BincangMuslimah.Com – Hari raya kurban akan tiba sebentar lagi. Beberapa persiapan menyambutnya telah dimulai, termasuk memilih-milih hewan kurban bagi yang berencana kurban tahun ini. Beberapa prinsip atau kebiasaan keluarga biasanya melakukan kurban secara bergilir. Misal, tahun tertentu adalah giliran bapaknya, disusul oleh ibunya, dan seterusnya. Lalu bagaimana dengan anak kecil yang menjadi bagian keluarga? Bolehkah anak kecil melaksanakan kurban?
Sebelum kita menjawab pertanyaan tersebut, alangkah baiknya kita memulai dengan mengetahui syarat-syarat pelaksana kurban. Syekh Wahbah Zuhaili dalam al-Mausu’ah al-Fiqhiyyah wa al-Qadhaya al-Mu’ashiroh menyebutkan syarat-syarat bagi seseorang yang hendak melaksanakan ibadah kurban.
Pertama, tamyiz. Tamyiz fase manusia yang ditandai dengan kemampuan membedakan hal yang baik dan buruk. Pada umumnya ia berusia tujuh atau delapan tahun. Hal ini berdasarkan pada hadis Nabi yang memerintahkan orang tua untuk mengajarkan anaknya shalat di usia tujuh tahun yang artinya sudah mulai mampu diajarkan perintah ibadah, berdasarkan sebuah hadis shahih:
مُرُوا أَوْلادَكُمْ بِالصَّلاةِ وَهُمْ أَبْنَاءُ سَبْعِ سِنِينَ، وَاضْرِبُوهُمْ عَلَيْهَا وَهُمْ أَبْنَاءُ عَشْرٍ، وَفَرِّقُوا بَيْنَهُمْ فِي الْمَضَاجِعِ (رواه أبو داود)
Artinya: perintahkanlah anak-anakmu untuk melaksanakan shalat saat mereka berusia tujuh tahun. Dan pukullah mereka saat berusia sepuluh tahun, dan pisahkanlah tempat tidur mereka. (HR. Abu Daud)
Kedua, berakal. Setiap individu memiliki kemampuan kognitif yang berbeda. Begitu juga dengan masa pertumbuhannya.

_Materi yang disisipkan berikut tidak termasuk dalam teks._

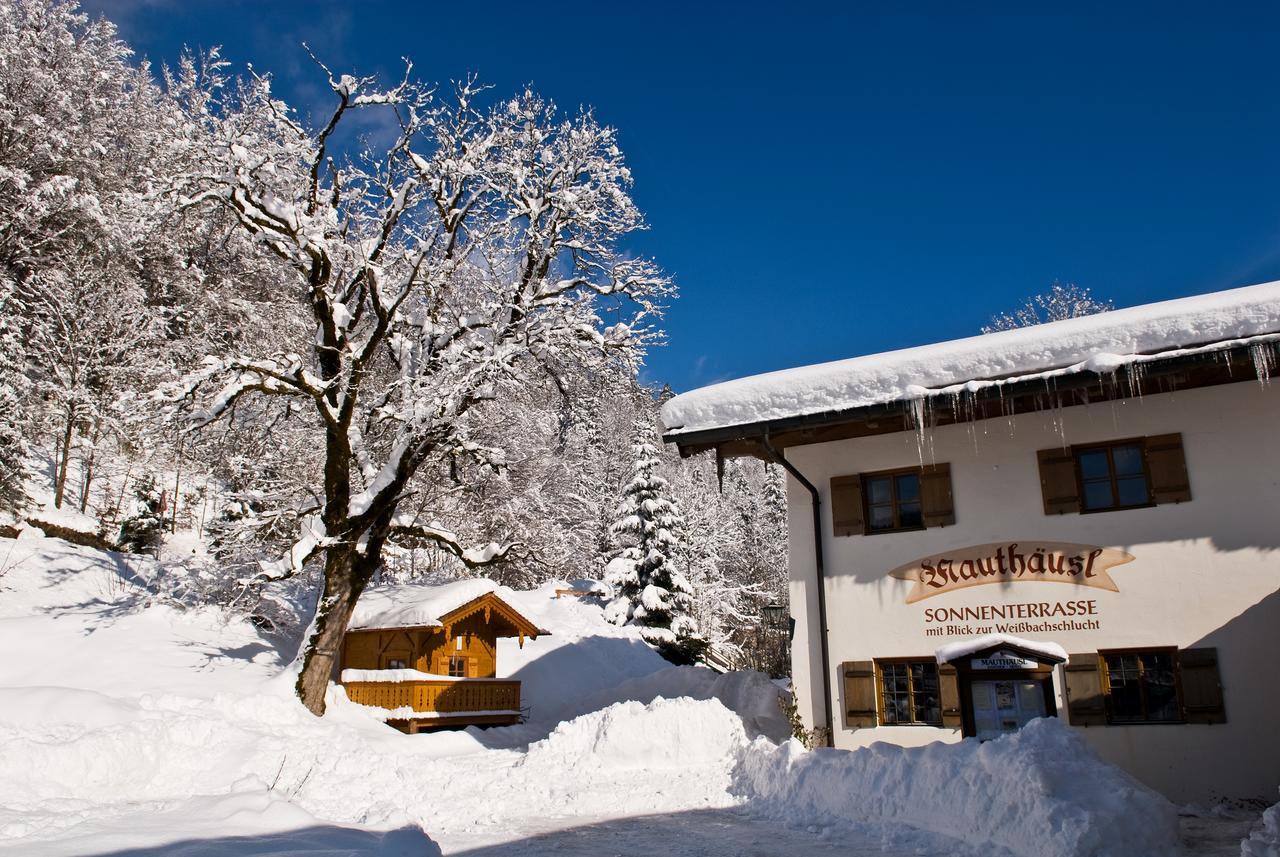 Hotel-Gasthof Mauthaeusl Schneizlreuth Buitenkant foto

Jika seseorang sudah memasuki usia tamyiz namun ternyata ia memiliki kelainan atau terlahir dengan menyandang status difabel, maka ia tidak memenuhi syarat ini yang artinya tidak dituntut kesunnahan melaksanakan kurban.
Ketiga, muslim. Jelas ini adalah perintah yang mutlak. Sebab kurban adalah ibadah untuk mendekatkan diri kepada Allah. Jika tidak muslim dan beriman, lantas apa makna kurban baginya?
Keempat, sengaja melakukan ibadah kurban. Ibadah kurban adalah ibadah yang dilaksanakan dengan kesadarannya. Tapi sah juga, menurut para ulama jika melaksanakan kurban karena dipaksa oleh pihak lain.
Syarat-syarat tersebut diperuntukkan bagi laki-laki dan perempuan, suci atau haid atau junub, bisa melihat atau buta, adil atau fasik. Tidak sah (dalam artian tidak mengugurkan kesunnahannya) bagi pelaksana kurban yang belum tamyiz, gila, dan dalam keadaan mabuk menurut mayoritas ulama.
Beda halnya dengan pendapat ulama mazhab Syafiiyyah yang menghukumi makruh melaksanakan kurban untuk mewakilkan anak kecil.
Jika melihat syarat-syarat di atas, anak kecil yang belum tamyiz belum memenuhi syarat sebagai pelaksana kurban. Kesunnahannya tidak menjadi gugur bagi dirinya jika saat kecil diniatkan dan disembelihkan kurban oleh walinya. Beda halnya jika hanya bertujuan untuk edukasi kepada sang anak. Namun jika merujuk pada ulama mazhab Syafi’i, hukum menyembelihkan hewan kurban yang belum tamyiz adalah makruh.
Alangkah baiknya memang mengutamakan orang-orang yang sudah memenuhi syarat untuk berkurban saja. Sedangkan anak-anak yang belum memenuhi syarat ditunggu sampai usianya memasuki tamyiz dan mendapatkan pahala sunnah. Wallahu a’lam bisshowab.